§ Exercise description: Take from the entries below the stretch from the line with "負載電阻棒 負載電阻棒" through the line with "1pcs 1PCS New", and return it exactly, leaving the pictures out.

§ Provided information:

----------

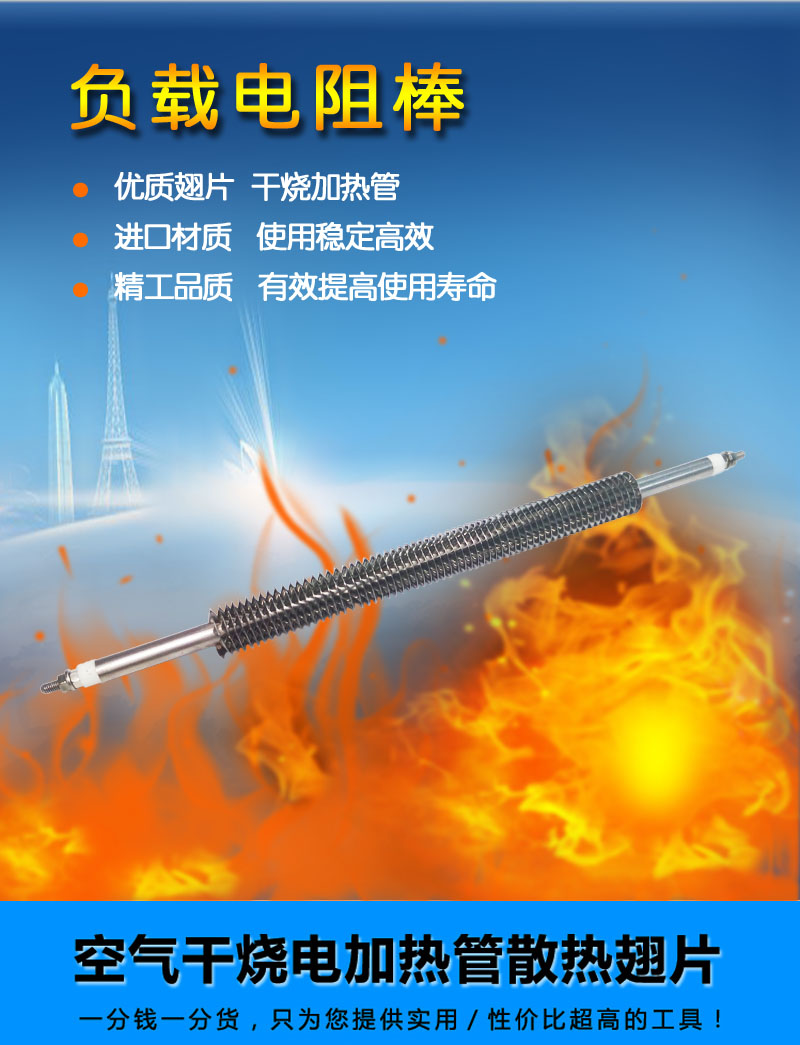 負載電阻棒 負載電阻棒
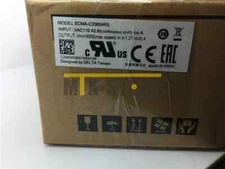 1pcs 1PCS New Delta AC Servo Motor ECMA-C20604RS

----------

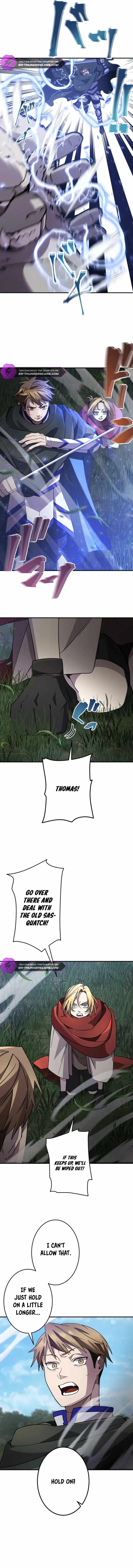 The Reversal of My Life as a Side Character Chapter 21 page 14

----------

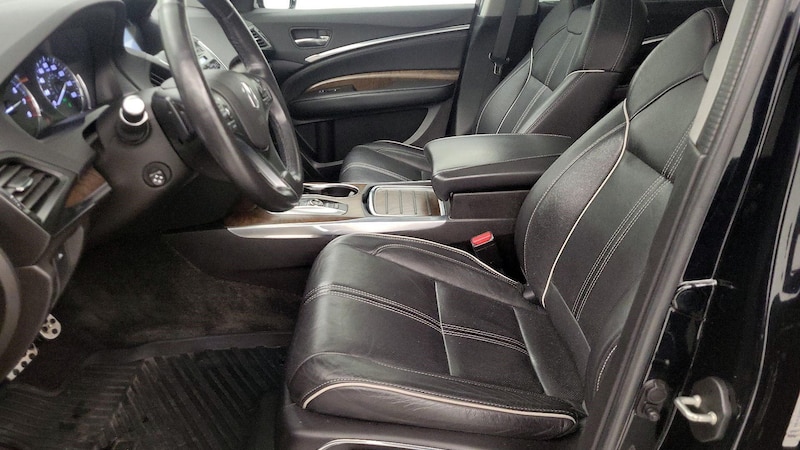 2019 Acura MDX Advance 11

----------

§ Response to this exercise:
 負載電阻棒 負載電阻棒
 1pcs 1PCS New Delta AC Servo Motor ECMA-C20604RS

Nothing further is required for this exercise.